Pero a partir de la desaparición forzada del congresista Rubens, el padre de esta familia, la sensación de robo inmisericorde de la existencia se adueña de la crónica de las detenciones ilegales, de los interrogatorios inhumanos, y de las torturas y asesinatos perpetrados en Brasil durante aquellos años con la más absoluta impunidad. Salles ha tomado el libro que Marcelo Paiva publicó en 2015 para componer un retrato colectivo de la memoria de un país, que sin embargo va perdiendo fuerza narrativa en pos de ciertos manidos recursos al sentimentalismo que a mi modo de ver lastran el tercio final del film. Muy especialmente los sucesivos retornos a los años de madurez y ancianidad de la protagonista, donde la hermosa verosimilitud reproducida hasta entonces se abandona a los homenajes excesivamente subrayados y a cierta impostura en las interpretaciones.

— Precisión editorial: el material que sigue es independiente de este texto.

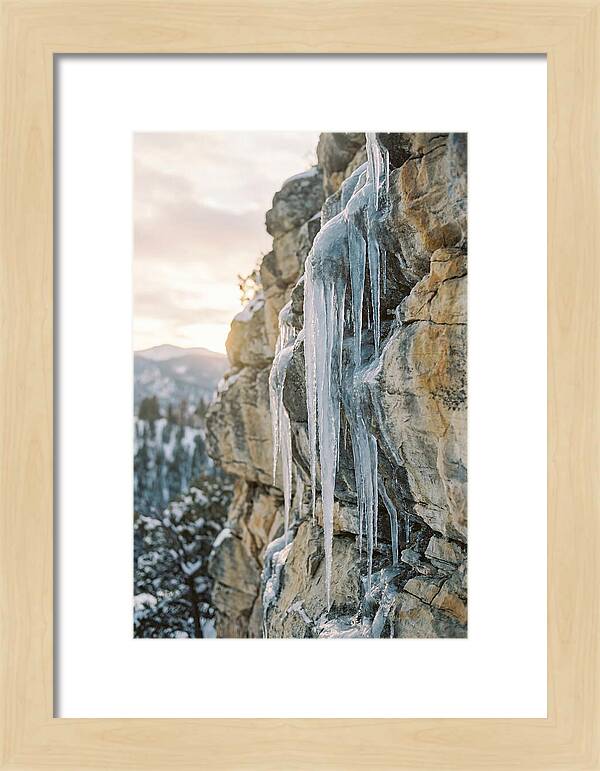 Icicles Hanging From Rocky Cliff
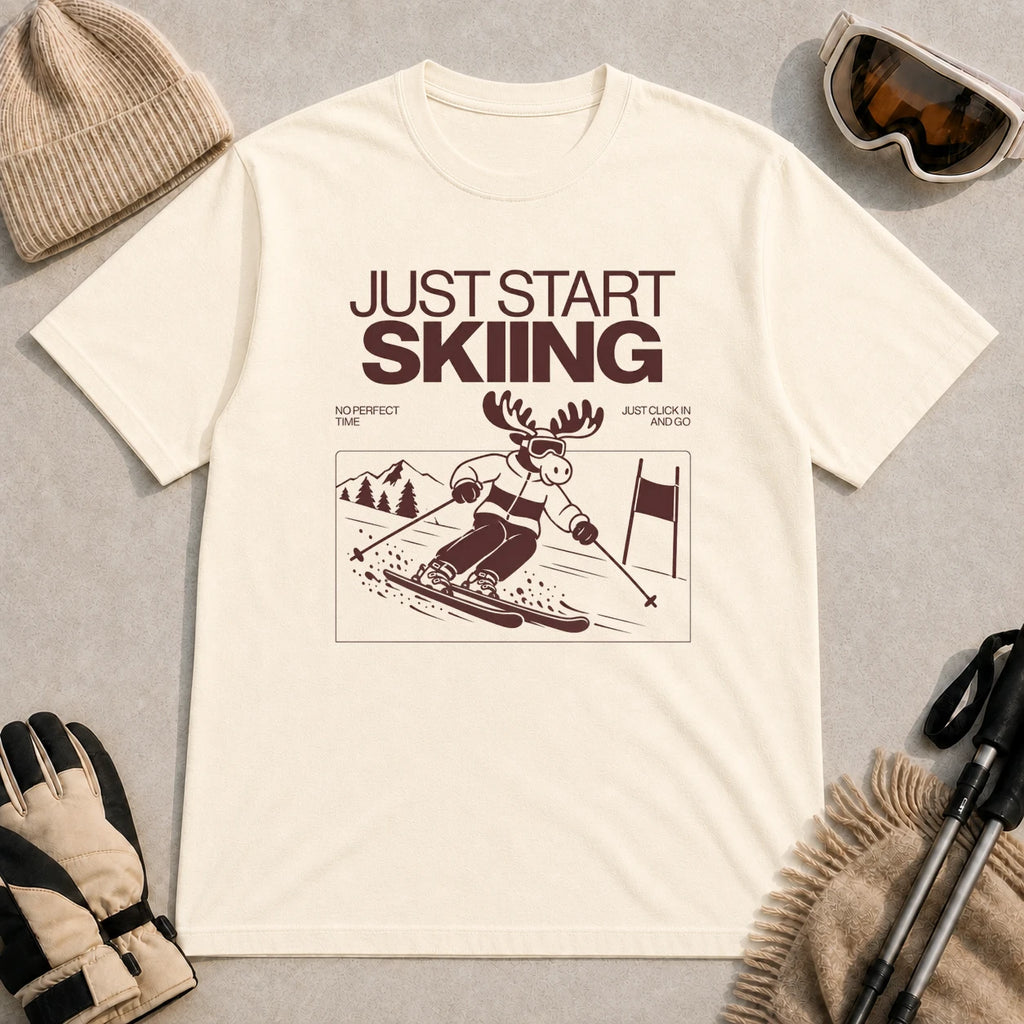 Natural tee featuring a moose skiing through a minimalist mountain scene with the phrases “Just Start Skiing,” “No Perfect Time,” and “Just Click In and Go.”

En cualquier caso, una cualidad incuestionable de la propuesta de Salles es el poderoso músculo dramático de Fernanda Torres, en la piel de Eurice, la madre sobreviviente que tuvo que dar unos cuantos pasos al frente para luchar por el bienestar de sus hijos y para preservar la memoria de su marido asesinado por medio del activismo político. Su interpretación rezuma contención y veracidad —recordemos, opta a los galardones de la Academia de Hollywood junto a la película en el apartado general y en el internacional—, y además conforma una hermosa simbiosis artística con su madre Fernanda Montenegro, que protagonizó Estación Central de Brasil, y aquí presta su potente presencia a la Eurice ausente y enferma de Alzheimer.

Sin duda, esa es la esencia y la virtud de esta película, la pugna contra el olvido que produce monstruos.